C'est la spécialité de Nikko — cette ville de montagne à 130 kilomètres au nord de Tokyo, connue pour ses temples classés au patrimoine mondial de l'UNESCO et ses forêts de cèdres centenaires. Au restaurant Takaiya, à Nikko, le yuba se déguste en soupe, frit ou en sashimi. Sa texture est soyeuse, presque imperceptible sur la langue. Le goût est discret — un léger arôme de soja frais. Tout est dans le glissement. C'est le genre de plat où vous fermez les yeux pour mieux sentir.
Le yuba remplace aussi la traditionnelle feuille d'algue nori qui enveloppe les boulettes de riz. Le résultat : l'onigiri le plus raffiné du Japon. Une enveloppe de peau de soja, un cœur de riz assaisonné. Simple. Élégant. Tout en texture.
Warabi mochi : quand la fougère devient dessert
Changeons de registre. Le warabi mochi est peut-être le pendant sucré du yuba : on le consomme davantage pour sa texture éthérée que pour son goût affirmé. Du célèbre gâteau de riz mochi, cette pâtisserie estivale n'a que le nom. Ce sont des petits carrés de gelée transparente, confectionnés avec du warabi-ko — l'amidon extrait des racines de fougère.

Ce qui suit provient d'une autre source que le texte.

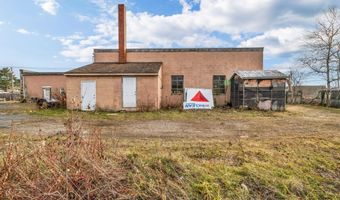 1567 Hammond St, Bangor, ME 04401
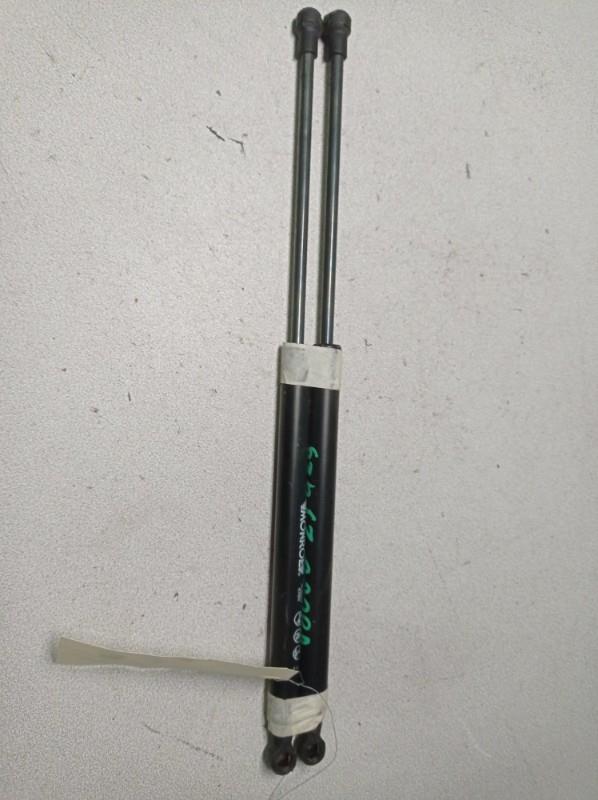 Verin de coffre VOLVO V 50 PHASE 1 BREAK Essence - 1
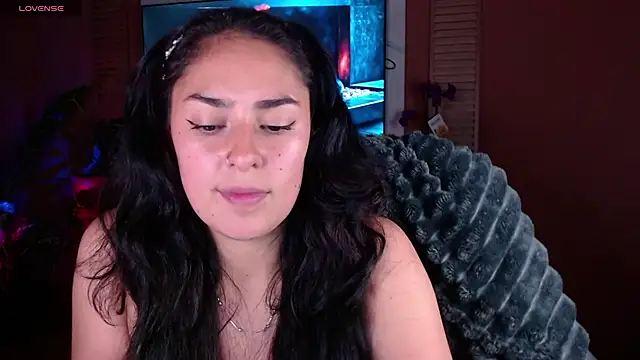 Iris colette online show from 05-20-26, 01:02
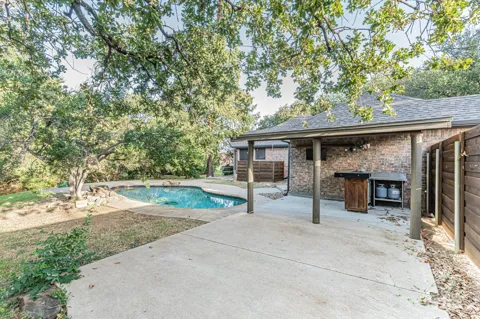 521 Meadowbrook Street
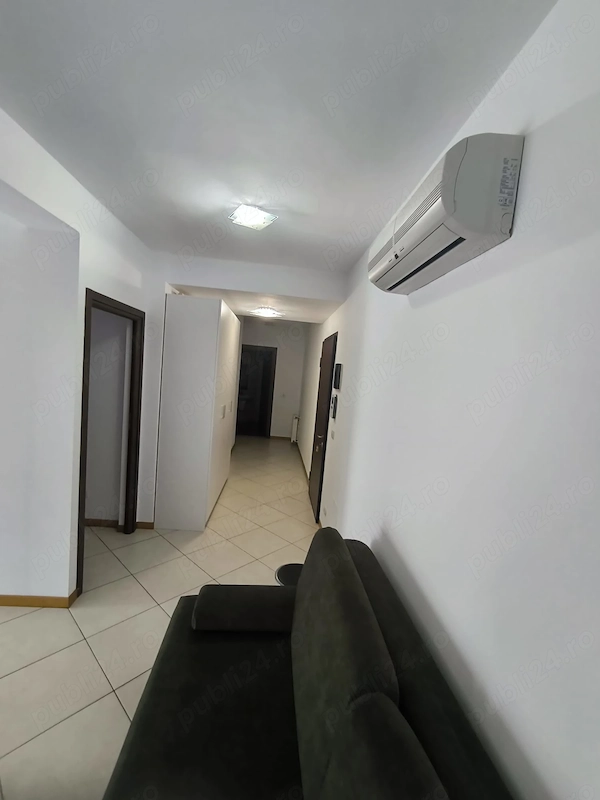 Proprietar,inchiriez apartament 3 camere — fotografia 3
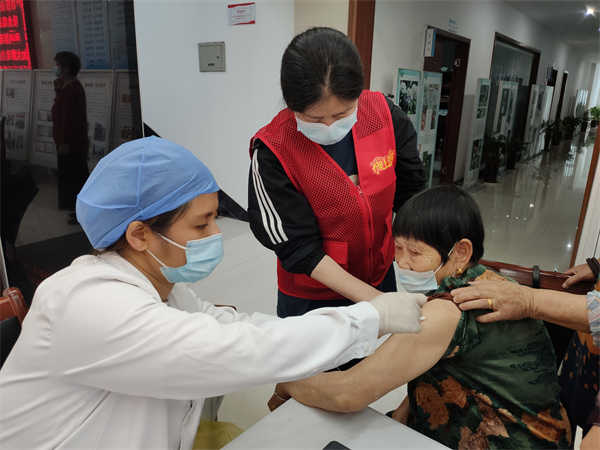 暖心服務，為60周歲以上老年人“送苗上門” (2).jpg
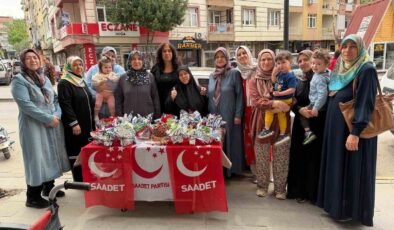 Saadet’in Anneler Günü buluşmasına yoğun ilgi
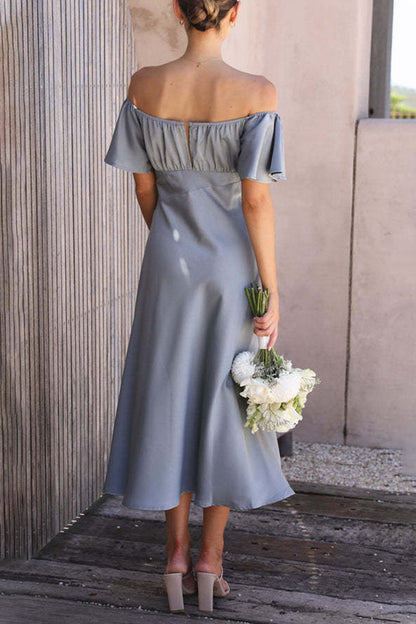 CM | Vestido midi de satén con estampado bardot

On les déguste relevés de kinako (poudre de soja grillée) ou de kuromitsu (sirop de sucre brun). La gelée n'a presque pas de saveur propre. Mais en bouche ? C'est frais, rebondissant, glissant. Une sensation qu'aucun dessert occidental ne reproduit. C'est comme manger de l'eau solidifiée — avec juste assez de tenue pour ne pas s'échapper des baguettes.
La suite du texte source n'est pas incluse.